■ WHAT YOU WILL DO
An exact copy of the entries, with every picture omitted, is what is needed here.

■ Records from a data collection
━━━━━━━━━━━━━━━━━━━━━━━━━━━━━━

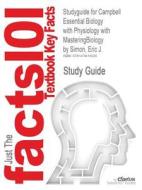 Studyguide For Campbell Essential Biology With Physiology With Masteringbiology By Simon, Eric J., Isbn 9780321763327 di Eric J Simon, Cram101 Textbook Reviews edito da Cram101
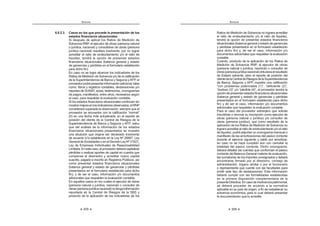 305
ANEXOS
6.8.2.3. Casos en los que procede la presentación de los
estados financieros situacionales
Si después de aplicar los Ratios de Medición de
Solvencia RNP, el ejecutor de obras (persona natural
o jurídica, nacional) y consultores de obras (persona
jurídica nacional) resultara insolvente, por no lograr
acreditar el ratio de endeudamiento y/o el ratio de
liquidez, tendrá la opción de presentar estados
financieros situacionales (balance general y estado
de ganancias y pérdidas en el formulario establecido
para dicho fin).
En caso no se logre alcanzar los indicadores de los
Ratios de Medición de Solvencia y/o de la calificación
de la Superintendencia de Banca y Seguros yAFP, el
proveedorpodrápresentarinformaciónadicional,tales
como: libros y registros contables, declaraciones y/o
reportes de SUNAT, actas, testimonios, cronogramas
de pagos, manifiestos, entre otros, necesarios según
el caso, para respaldar la evaluación contable.
Si los estados financieros situacionales continúan sin
mostrarmejoraenlosindicadoresobservados,elRNP
considerará superada la observación, siempre que el
         › 
(0) en una fecha más actualizada, en el reporte de
posición del cliente de la Central de Riesgos de la
Superintendencia de Banca y Seguros y AFP; salvo
que del análisis de la información de los estados
financieros situacionales presentados se muestre
una situación que origine ser declarado insolvente
de acuerdo a lo establecido en la Ley Nº 26887, Ley
GeneraldeSociedadesoenelDecretoLeyNº21621,
Ley de Empresas Individuales de Responsabilidad
Limitada.Enestecaso,elproveedordeberácapitalizar
pérdidas o realizar aportes de capital en cuantía que
compense el desmedro y acreditar nuevo capital
suscrito, pagado e inscrito en Registros Públicos, así
como presentar estados financieros situacionales
(balance general y estado de ganancias y pérdidas
presentados en el formulario establecido para dicho
fin), y de ser el caso, información y/o documentos
adicionales que respalden la evaluación contable.
En aquellos casos en los cuales el ejecutor de obras
(persona natural o jurídica, nacional) o consultor de
obras(personajurídicanacional)notengainformación
reportada en la Central de Riesgos de la SBS y
producto de la aplicación de los indicadores de los
ANEXOS
306
Ratios de Medición de Solvencia no lograra acreditar
el ratio de endeudamiento y/o el ratio de liquidez,
tendrá la opción de presentar estados financieros
situacionales(balancegeneralyestadodeganancias
y pérdidas presentados en el formulario establecido
para dicho fin) y, de ser el caso, información y/o
documentos adicionales que respalden la evaluación
contable.
Cuando, producto de la aplicación de los Ratios de
Medición de Solvencia RNP, el ejecutor de obras
(persona natural o jurídica, nacional) o consultor de
obras(personajurídicanacional)obtuvieraelresultado
de Estado solvente, pero el reporte de posición del
clientedelaCentraldeRiesgosdelaSuperintendencia
de Banca, Seguros y AFP, muestre una calificación
›  K {Q›  {=
› {J„›_  {Š    $
opcióndepresentarestadosfinancierossituacionales
(balance general y estado de ganancias y pérdidas
presentados en el formulario establecido para dicho
fin) y de ser el caso, información y/o documentos
adicionales que respalden la evaluación contable.
Para el caso del proveedor extranjero que solicite
inscribirse o renovar su inscripción como ejecutor de
obras (persona natural o jurídica) y/o consultor de
obras (persona jurídica), que como resultado de la
aplicación de los Ratios de Medición de Solvencia no
lograra acreditar el ratio de endeudamiento y/o el ratio
de liquidez, podrá adjuntar un cronograma mensual o
manifiesto de las amortizaciones del pasivo corriente
durante el ejercicio siguiente y saldo por amortizar,
en caso no se haya cumplido aún con cancelar la
totalidad del pasivo corriente. Dicho cronograma,
deberá detallar las cuentas que conforman el pasivo
corriente del Balance General materia de evaluación,
las sumatorias de los importes consignados y deberá
encontrarse firmado por el directorio, consejo de
administración, órgano similar o por el funcionario
o representante que cuente con las facultades para
emitir este tipo de declaraciones. Esta información
deberá cumplir con las formalidades establecidas
en la primera disposición complementaria de la
presenteDirectiva.Encasodeinsolvenciapatrimonial,
se deberá proceder de acuerdo a la normativa
aplicable en su país de origen, a fin de restablecer su
solvencia económica, para lo cual deberá presentar
la documentación que lo acredite.
 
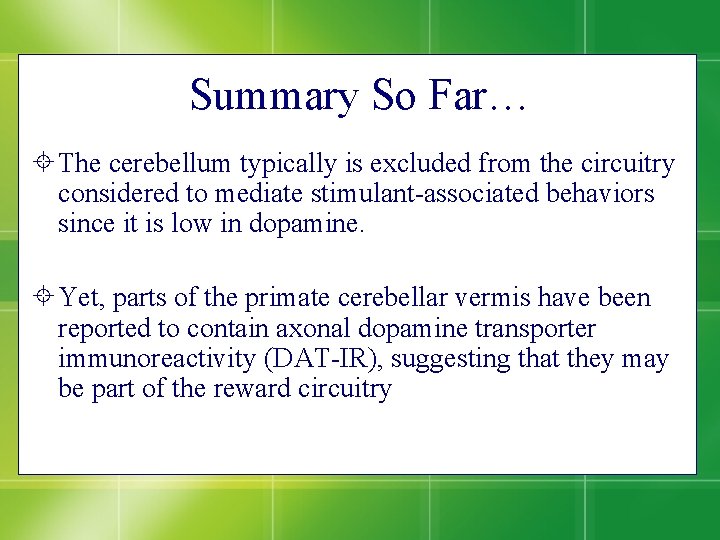 Summary So Far… The cerebellum typically is excluded from the circuitry considered to mediate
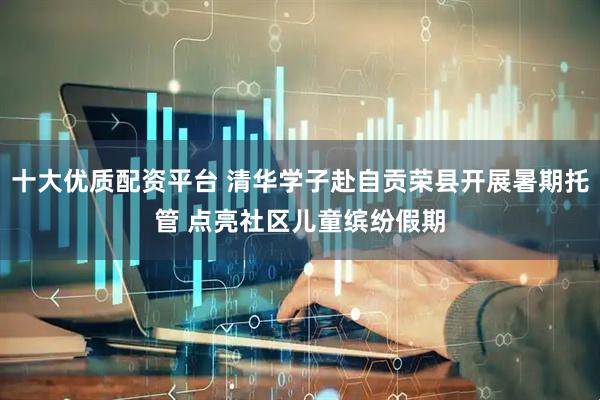 十大优质配资平台 清华学子赴自贡荣县开展暑期托管 点亮社区儿童缤纷假期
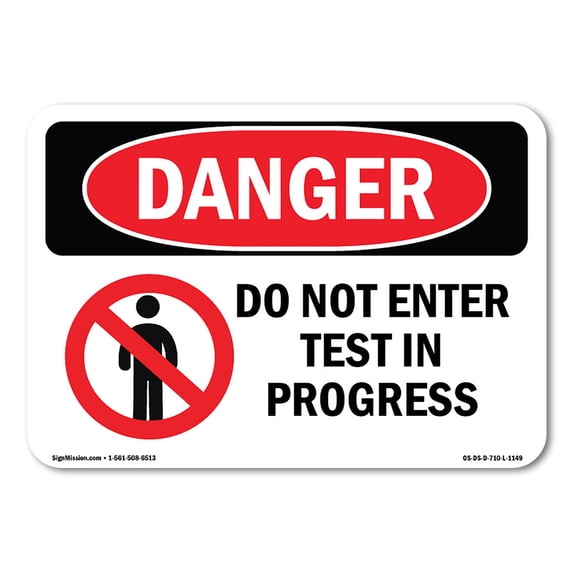SignMission OS-DS-A-1824-L-1149 18 x 24 in. OSHA Danger Sign - Do Not Enter Test in Progress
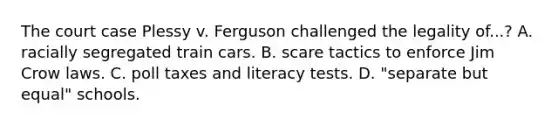 The court case Plessy v. Ferguson challenged the legality of...? A. racially segregated train cars. B. scare tactics to enforce Jim Crow laws. C. poll taxes and literacy tests. D. "separate but equal" schools.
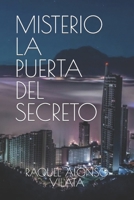 MISTERIO: LA PUERTA DEL SECRETO B0C7J5GM36 Book Cover
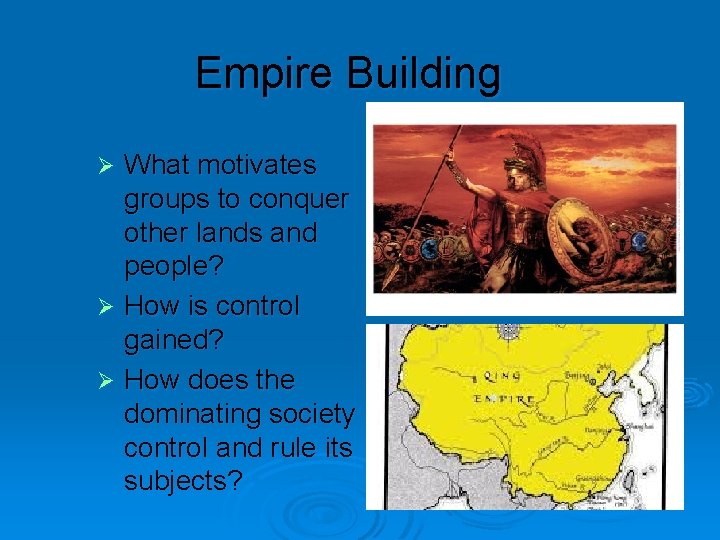 Empire Building What motivates groups to conquer other lands and people? Ø How is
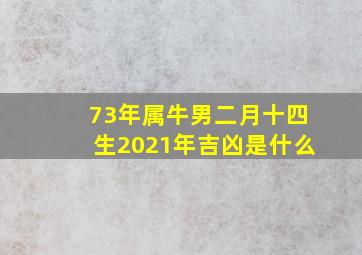 73年属牛男二月十四生2021年吉凶是什么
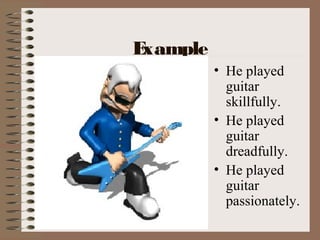 Example
• He played
guitar
skillfully.
• He played
guitar
dreadfully.
• He played
guitar
passionately.
 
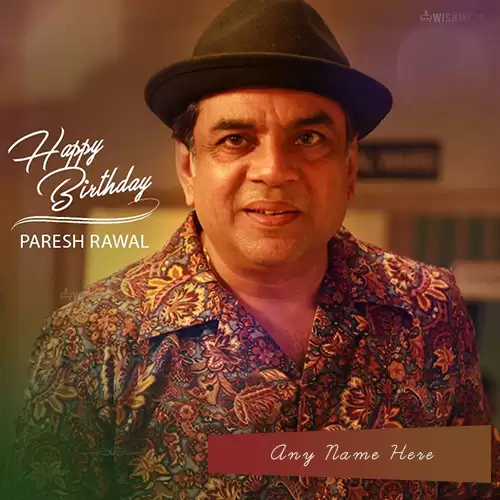 Paresh Rawal Birthday Wishes Card With Name Download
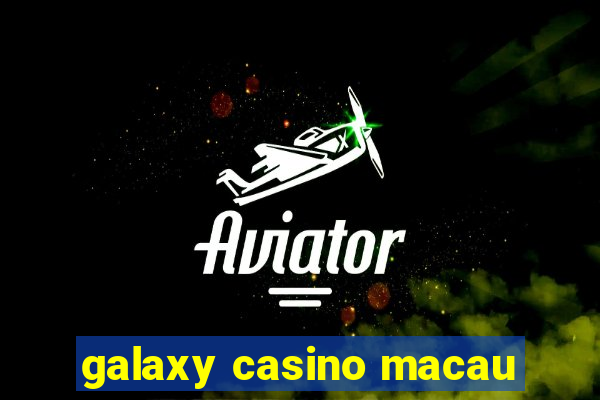 galaxy casino macau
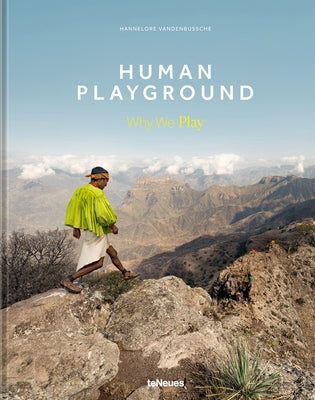 Human Playground: Why We Play by Vandenbussche, Hannelore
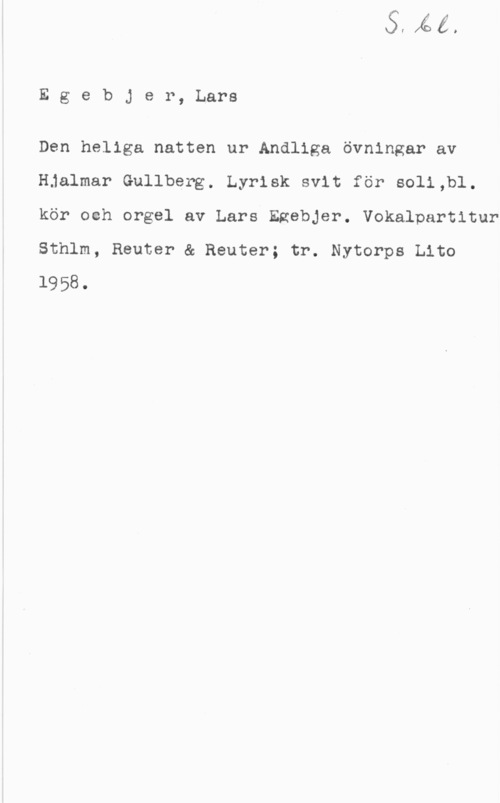 Egebjer, Lars Egebjer, Lars

Den heliga natten ur Andliga övningar av
Hjalmar Gullberg. Lyrisk svit för soli,bl.
kör ooh orgel av Lars Ezebjer. Vokalpartitur
Sthlm, Reuter & Reuter; tr. Nytorps Lito
1958.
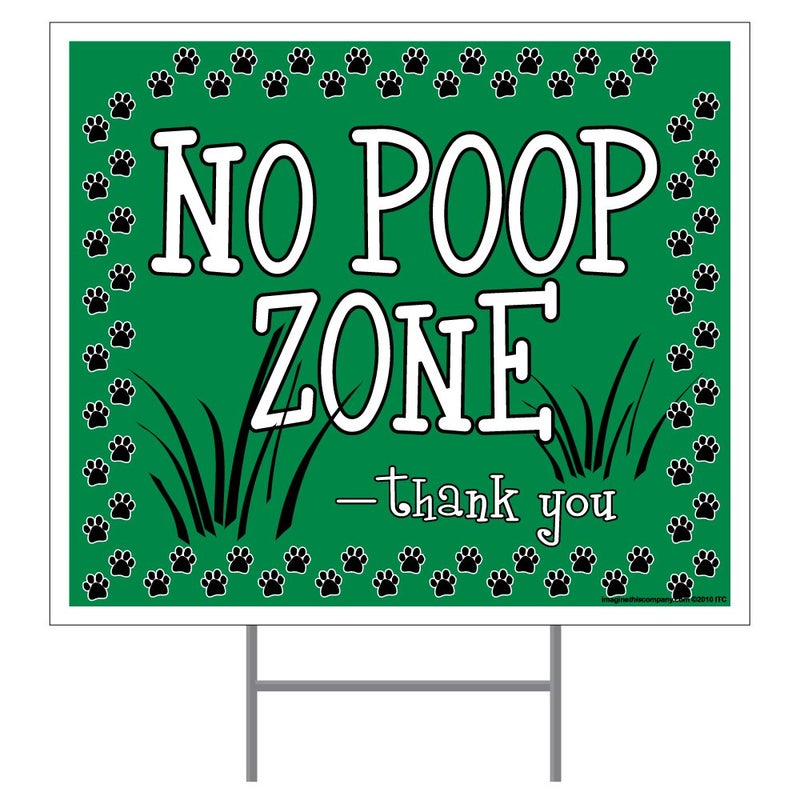 Imagine This No Poop Zone Yard Sign, Green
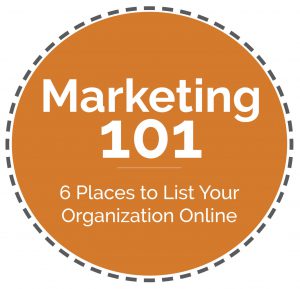 Marketing 101- 6 Places to List Your Organization Online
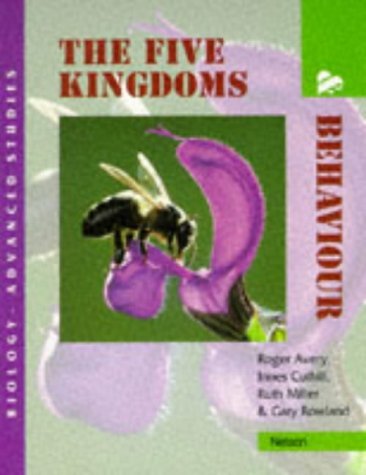 Stock image for Five Kingdoms (Biology Advanced Studies S.) Avery, Roger; Cuthill, Innes; Miller, Ruth and Rowland, Gary for sale by Re-Read Ltd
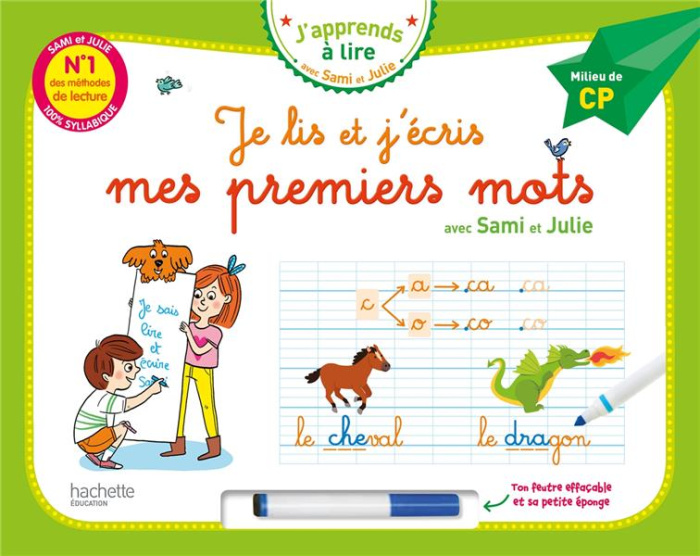 Emprunter Je lis et j'écris mes premiers mots avec Sami et Julie. Milieu de CP, avec un feutre effaçable et un livre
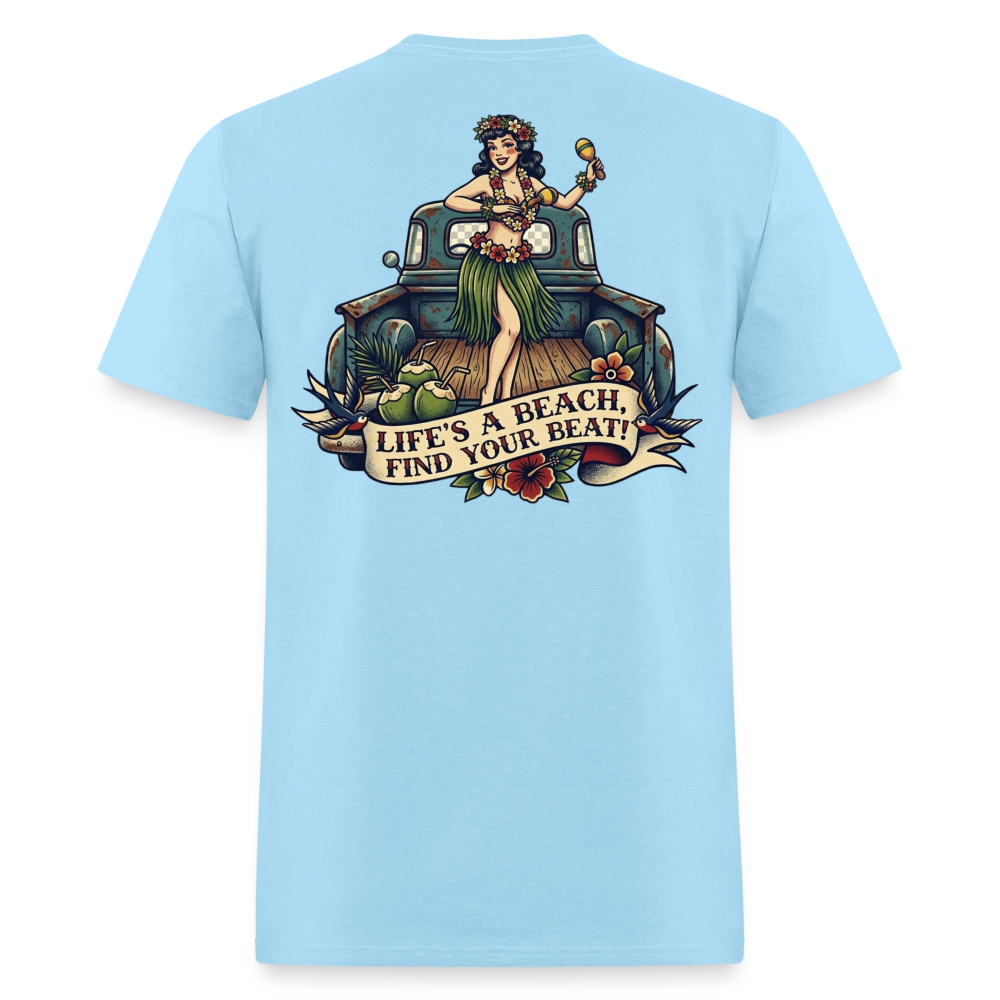 Life's A Beach, Find Your Beat! - powder blue
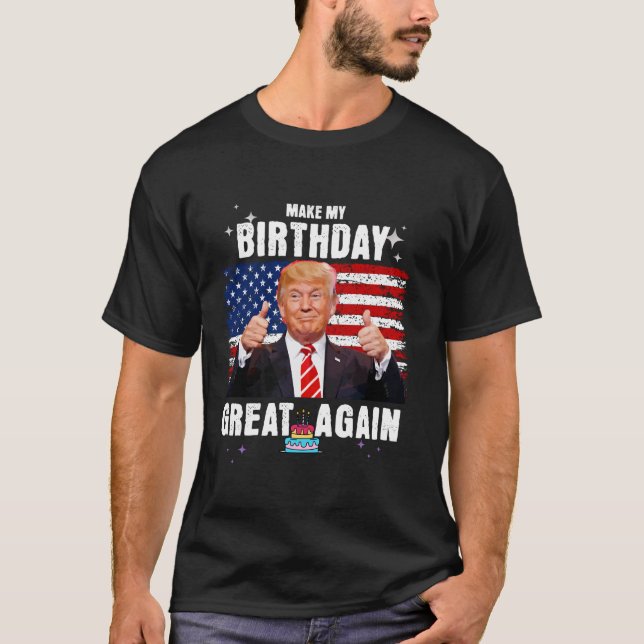 Gör min födelsedag Underbar igen Trump Fläkt Birth T Shirt (Framsida)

━━━━━━━━━━━━━━━━━━━━━━━━━━━━━━

■ RESPONSE FOR THIS EXERCISE
 Studyguide For Campbell Essential Biology With Physiology With Masteringbiology By Simon, Eric J., Isbn 9780321763327 di Eric J Simon, Cram101 Textbook Reviews edito da Cram101
 305
ANEXOS
6.8.2.3. Casos en los que procede la presentación de los
estados financieros situacionales
Si después de aplicar los Ratios de Medición de
Solvencia RNP, el ejecutor de obras (persona natural
o jurídica, nacional) y consultores de obras (persona
jurídica nacional) resultara insolvente, por no lograr
acreditar el ratio de endeudamiento y/o el ratio de
liquidez, tendrá la opción de presentar estados
financieros situacionales (balance general y estado
de ganancias y pérdidas en el formulario establecido
para dicho fin).
En caso no se logre alcanzar los indicadores de los
Ratios de Medición de Solvencia y/o de la calificación
de la Superintendencia de Banca y Seguros yAFP, el
proveedorpodrápresentarinformaciónadicional,tales
como: libros y registros contables, declaraciones y/o
reportes de SUNAT, actas, testimonios, cronogramas
de pagos, manifiestos, entre otros, necesarios según
el caso, para respaldar la evaluación contable.
Si los estados financieros situacionales continúan sin
mostrarmejoraenlosindicadoresobservados,elRNP
considerará superada la observación, siempre que el
         › 
(0) en una fecha más actualizada, en el reporte de
posición del cliente de la Central de Riesgos de la
Superintendencia de Banca y Seguros y AFP; salvo
que del análisis de la información de los estados
financieros situacionales presentados se muestre
una situación que origine ser declarado insolvente
de acuerdo a lo establecido en la Ley Nº 26887, Ley
GeneraldeSociedadesoenelDecretoLeyNº21621,
Ley de Empresas Individuales de Responsabilidad
Limitada.Enestecaso,elproveedordeberácapitalizar
pérdidas o realizar aportes de capital en cuantía que
compense el desmedro y acreditar nuevo capital
suscrito, pagado e inscrito en Registros Públicos, así
como presentar estados financieros situacionales
(balance general y estado de ganancias y pérdidas
presentados en el formulario establecido para dicho
fin), y de ser el caso, información y/o documentos
adicionales que respalden la evaluación contable.
En aquellos casos en los cuales el ejecutor de obras
(persona natural o jurídica, nacional) o consultor de
obras(personajurídicanacional)notengainformación
reportada en la Central de Riesgos de la SBS y
producto de la aplicación de los indicadores de los
ANEXOS
306
Ratios de Medición de Solvencia no lograra acreditar
el ratio de endeudamiento y/o el ratio de liquidez,
tendrá la opción de presentar estados financieros
situacionales(balancegeneralyestadodeganancias
y pérdidas presentados en el formulario establecido
para dicho fin) y, de ser el caso, información y/o
documentos adicionales que respalden la evaluación
contable.
Cuando, producto de la aplicación de los Ratios de
Medición de Solvencia RNP, el ejecutor de obras
(persona natural o jurídica, nacional) o consultor de
obras(personajurídicanacional)obtuvieraelresultado
de Estado solvente, pero el reporte de posición del
clientedelaCentraldeRiesgosdelaSuperintendencia
de Banca, Seguros y AFP, muestre una calificación
›  K {Q›  {=
› {J„›_  {Š    $
opcióndepresentarestadosfinancierossituacionales
(balance general y estado de ganancias y pérdidas
presentados en el formulario establecido para dicho
fin) y de ser el caso, información y/o documentos
adicionales que respalden la evaluación contable.
Para el caso del proveedor extranjero que solicite
inscribirse o renovar su inscripción como ejecutor de
obras (persona natural o jurídica) y/o consultor de
obras (persona jurídica), que como resultado de la
aplicación de los Ratios de Medición de Solvencia no
lograra acreditar el ratio de endeudamiento y/o el ratio
de liquidez, podrá adjuntar un cronograma mensual o
manifiesto de las amortizaciones del pasivo corriente
durante el ejercicio siguiente y saldo por amortizar,
en caso no se haya cumplido aún con cancelar la
totalidad del pasivo corriente. Dicho cronograma,
deberá detallar las cuentas que conforman el pasivo
corriente del Balance General materia de evaluación,
las sumatorias de los importes consignados y deberá
encontrarse firmado por el directorio, consejo de
administración, órgano similar o por el funcionario
o representante que cuente con las facultades para
emitir este tipo de declaraciones. Esta información
deberá cumplir con las formalidades establecidas
en la primera disposición complementaria de la
presenteDirectiva.Encasodeinsolvenciapatrimonial,
se deberá proceder de acuerdo a la normativa
aplicable en su país de origen, a fin de restablecer su
solvencia económica, para lo cual deberá presentar
la documentación que lo acredite.
 
 Summary So Far… The cerebellum typically is excluded from the circuitry considered to mediate
 十大优质配资平台 清华学子赴自贡荣县开展暑期托管 点亮社区儿童缤纷假期
SignMission OS-DS-A-1824-L-1149 18 x 24 in. OSHA Danger Sign - Do Not Enter Test in Progress
 The court case Plessy v. Ferguson challenged the legality of...? A. racially segregated train cars. B. scare tactics to enforce Jim Crow laws. C. poll taxes and literacy tests. D. "separate but equal" schools.
 MISTERIO: LA PUERTA DEL SECRETO B0C7J5GM36 Book Cover
 Empire Building What motivates groups to conquer other lands and people? Ø How is
 73年属牛男二月十四生2021年吉凶是什么
 Example
• He played
guitar
skillfully.
• He played
guitar
dreadfully.
• He played
guitar
passionately.
 
 Paresh Rawal Birthday Wishes Card With Name Download
 galaxy casino macau
 Human Playground: Why We Play by Vandenbussche, Hannelore
 Egebjer, Lars Egebjer, Lars

Den heliga natten ur Andliga övningar av
Hjalmar Gullberg. Lyrisk svit för soli,bl.
kör ooh orgel av Lars Ezebjer. Vokalpartitur
Sthlm, Reuter & Reuter; tr. Nytorps Lito
1958.
 Imagine This No Poop Zone Yard Sign, Green
 Marketing 101- 6 Places to List Your Organization Online
 Stock image for Five Kingdoms (Biology Advanced Studies S.) Avery, Roger; Cuthill, Innes; Miller, Ruth and Rowland, Gary for sale by Re-Read Ltd
 Emprunter Je lis et j'écris mes premiers mots avec Sami et Julie. Milieu de CP, avec un feutre effaçable et un livre
 Life's A Beach, Find Your Beat! - powder blue
 Gör min födelsedag Underbar igen Trump Fläkt Birth T Shirt (Framsida)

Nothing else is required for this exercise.